United States District Court, W.D. Michigan, Southern Division
June 1, 2015
OCTAVIA ANDERSON, Plaintiff,
CREDIT ACCEPTANCE CORPORATION, Defendants.
HON. GORDON J. QUIST, J.
Plaintiff, Octavia Anderson, alleges that Defendant, Credit Acceptance Corporation, violated the Electronic Fund Transfer Act (EFTA), 15 U.S.C. § 1693. Defendant has moved to compel arbitration and dismiss this action, and Plaintiff has failed to respond to that motion. For the reasons that follow, the Court will grant Defendant’s motion.
Plaintiff entered into a financing agreement with Betten Chevrolet (the Retail Installment Contract), and Betten Chevrolet assigned its rights under that contract to Defendant. (Dkt. #1 at Page ID#2, ¶7.) The contract contained an arbitration clause stating that if any dispute between Plaintiff and Betten Chevrolet or its assignee arose, either party could elect to have such dispute arbitrated. (Dkt. #6 at Page ID#53.) The contract defined a dispute as “any controversy or claim” between the parties “arising out of or in any way related to [the Retail Installment Contract].” (Id.) The parties also entered into an agreement whereby Plaintiff authorized payments by automatic electronic debit. (Dkt. #1 at Page ID#2, ¶7.) Plaintiff’s claim arises out of the electronic debit agreement.
The Federal Arbitration Act (“FAA”) embodies the “liberal federal policy of favoring arbitration agreements.” Moses H. Cone Mem’l Hosp. v. Mercury Constr. Corp., 460 U.S. 1, 24, 103 S.Ct. 927, 941 (1983). In determining whether to grant a motion to compel arbitration, courts determine whether (1) “a valid agreement to arbitrate exists between the parties” and (2) “the specific dispute falls within the substantive scope of that agreement.” Javitch v. First Union Sec., Inc., 315 F.3d 619, 624 (6th Cir. 2003).
Plaintiff signed the Retail Installment Contract, which contained an arbitration clause. That clause included broad language providing that it extended to any dispute arising out of or related to the contract.
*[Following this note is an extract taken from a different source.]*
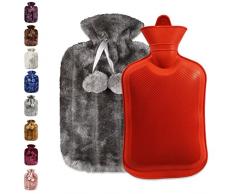 YOZEB - Borsa dellacqua calda con rivestimento morbido e soffice, per bambini e adulti, capacità 2 l (grigio)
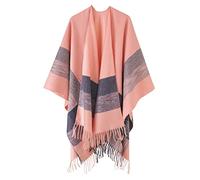 FEOYA Women's Oversized Poncho Cape Warm Shawl Blanket Wrap Striped Reversible Capes Open Front Printed Cape Shawls Fringe Tassel Knitted Ruana Shawl Color Block Autumn Winter Spring Retro 01 Pink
This dispute, which is based on an agreement for making the payments required by the Retail Installment Contract, falls within the scope of that provision. Finally, there is no reason to believe that Plaintiff’s claim would not be subject to arbitration simply because it is based on the EFTA. See Williams v. Champs Auto Sales, Inc., No. 14-cv-12866, 2014 WL 6886546, at *2 (E.D. Mich. Dec. 4, 2014) (listing cases holding that EFTA claims are subject to arbitration).
Because there was a valid agreement to arbitrate, and the dispute at issue falls within the substantive scope of that agreement, Plaintiff must submit her claims to arbitration.